La mirada nocturna de las quimeras me hace pensar en los Morlocks de H. G. Wells, quien estando muy ad hoc a su época, gustaba de estipular respecto a nuestra (d)evolución. La primera vez que leí La máquina del tiempo, consideré un poco ridícula la propuesta de que la raza humana se dividiera en los Morlocks subterráneos y los radiantes Elois. Ahora que veo caer los últimos granitos en nuestro reloj medioambiental, no me parece descabellado imaginar un mundo en donde vivir en una superficie respirable e iluminada sea el privilegio del 1%. Sólo que, en vez de que los Elois sean burgueses, serán la élite millonaria.
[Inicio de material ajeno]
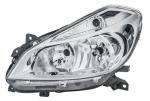 HELLA 354 536-011 Halogen-Headlight - left - for e.g. Renault Clio III (BR0/1, CR0/1)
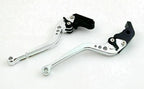 Long Brake Clutch Lever for Honda CBR650F/CB650F (2014–2015) (F-18/H-65) Silver T9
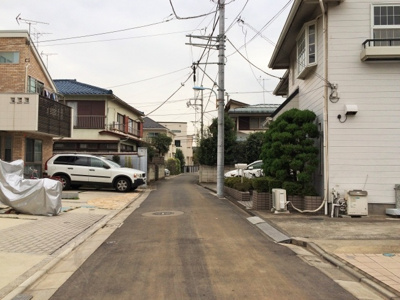 【周辺】 | ツインハウス16(久我山賃貸一戸建て) | 前面道路
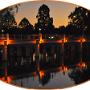 Benalla Bridge at Dusk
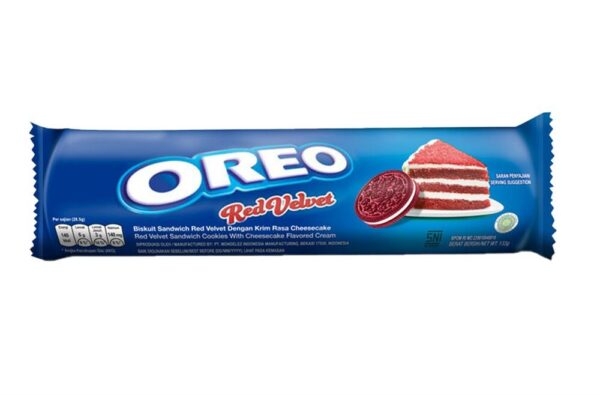 Печенье Oreo Ред Вельвет 123,5 гр (24)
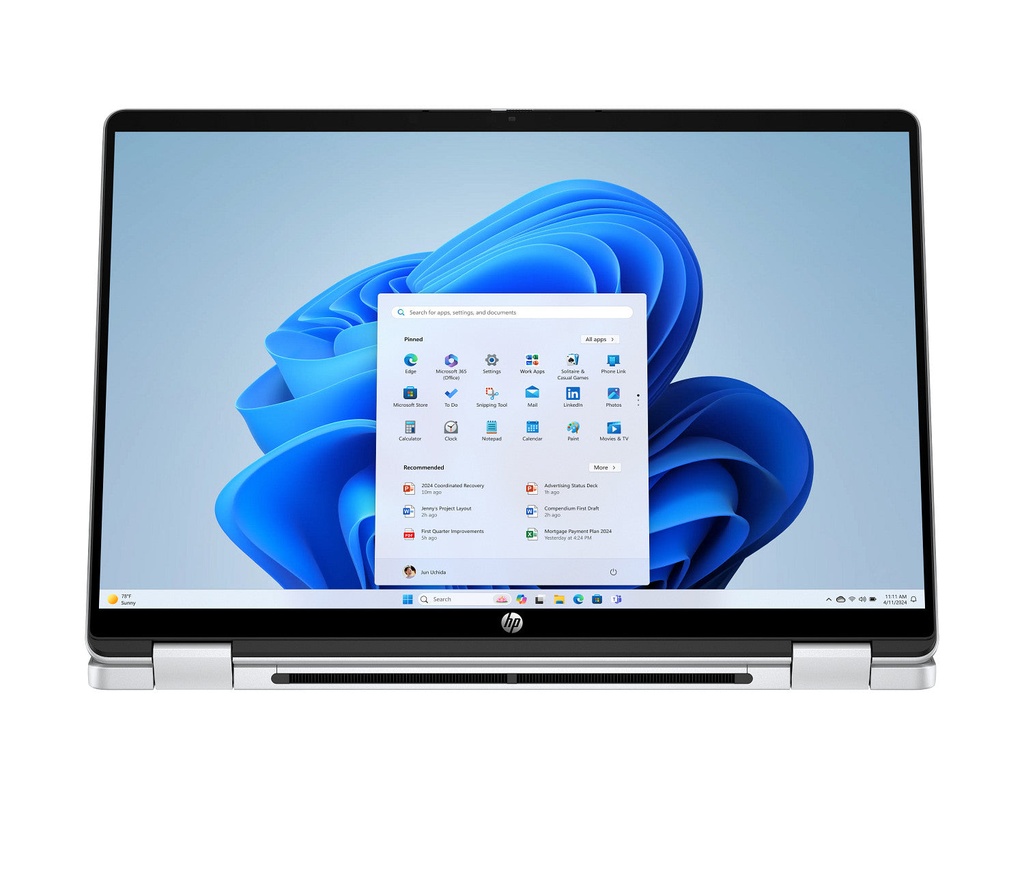 מחשב נייד HP OmniBook 5 14-fp0007n Core7-150U|16G|512G|14|OLED|TOUCH|3YR C1QA4EA 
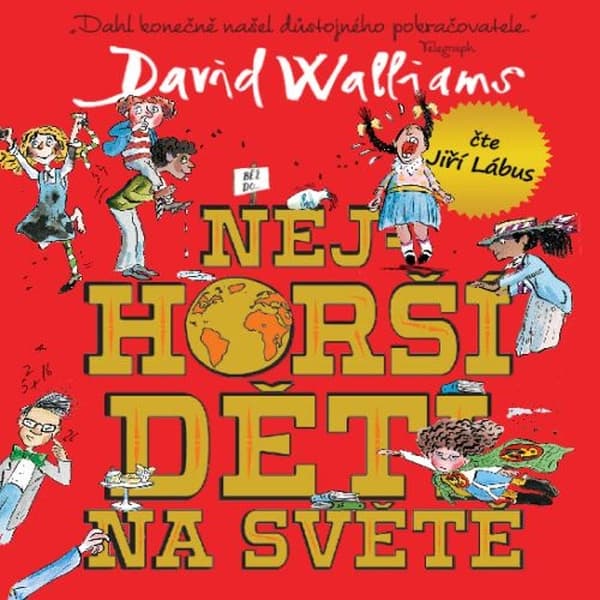 Obálka – Nejhorší děti na světě 1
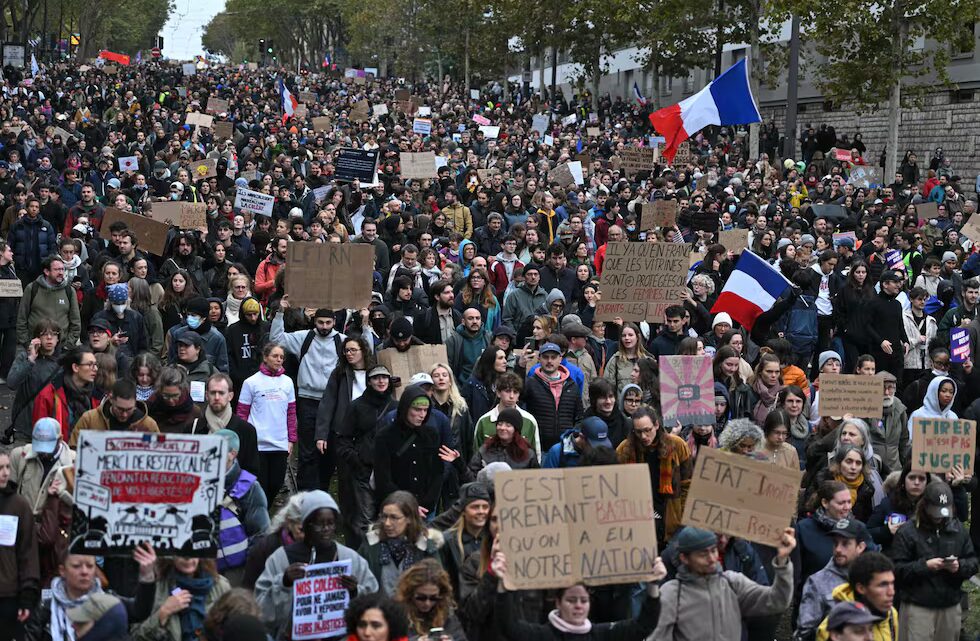 El Octubre francés tuvo su segundo acto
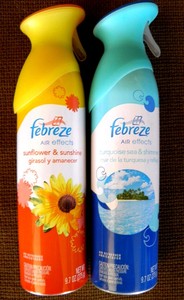 Febreze Air effects sunflower&Sunshine Air refresher (037000805557)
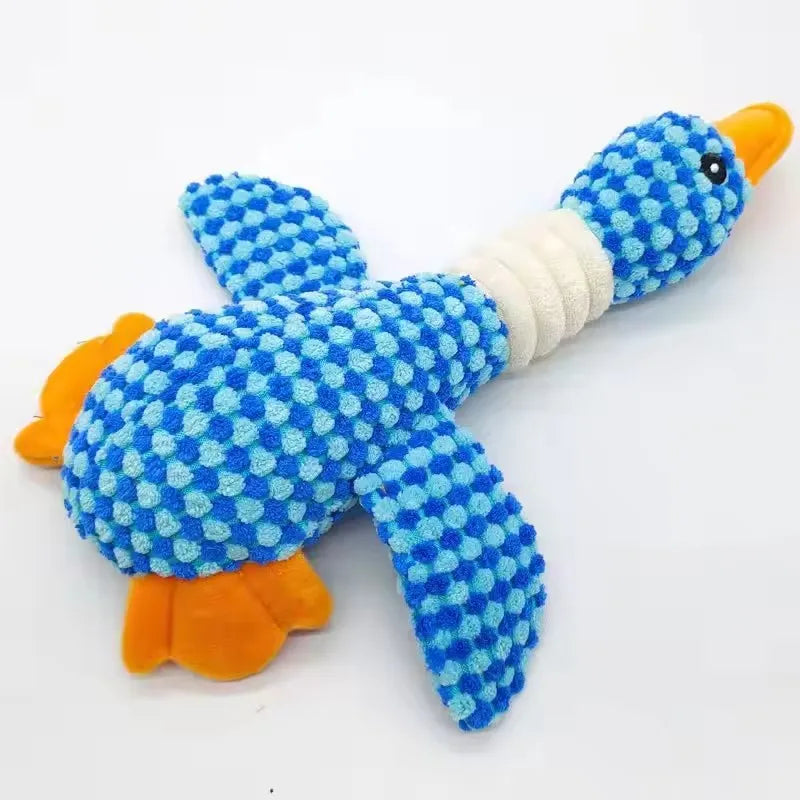 Indestructible Pet Toys for Aggressive Chewers Cats Dogs,Chew Squeak Toy Cats Dogs Interactive Plush Doll Pet Products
Y los Morlocks seremos el resto de nosotros. Los Elois huirán al espacio y dentro de sus burbujas de oxígeno encontrarán otro tipo de tiempo. Nosotros nos retiraremos al abismo y la evolución tal vez nos dotará de ojos redondos, grises e inanimados, ojos de quimeras. Entonces, tendremos que elaborar otro sistema para atrapar al tiempo. Uno que, espero, no se divida en días, meses, años; horas, minutos y segundos. Uno que premie la lentitud y nos permita convertirnos en criaturas extraordinarias y longevas. 

 

La mirada nocturna de las quimeras me hace pensar en que, a pesar de que el tiempo sea elusivo y carezca de esquinas, es una fuerza que oprime todo. Pues, aunque el cambio de las quimeras haya sido pequeño a comparación de las criaturas de la superficie, tuvieron que adaptarse a uno de los ambientes más extremos. Los humanos señalamos con un complejo de dios la delicadeza de los ecosistemas y estudiamos con orgullo secreto nuestra capacidad de trastornar bosques kilométricos. Olvidamos la increíble resiliencia de nuestro mundo. Esta misma sensación de excepcionalidad nos llevó a concluir por tanto tiempo que la vida en lugares como las fosas de las Marianas era imposible. La mirada nocturna de las quimeras me hace pensar que, a pesar de la catástrofe climática tan cercana, tal vez podremos sobrevivir y adaptarnos a un mundo oscuro y maldito. Después de todo, llevamos 3.5 billones de años haciéndolo. Sólo el tiempo dirá, pero la cosa del tiempo es que, sin importar su conceptualización, erosiona y cambia.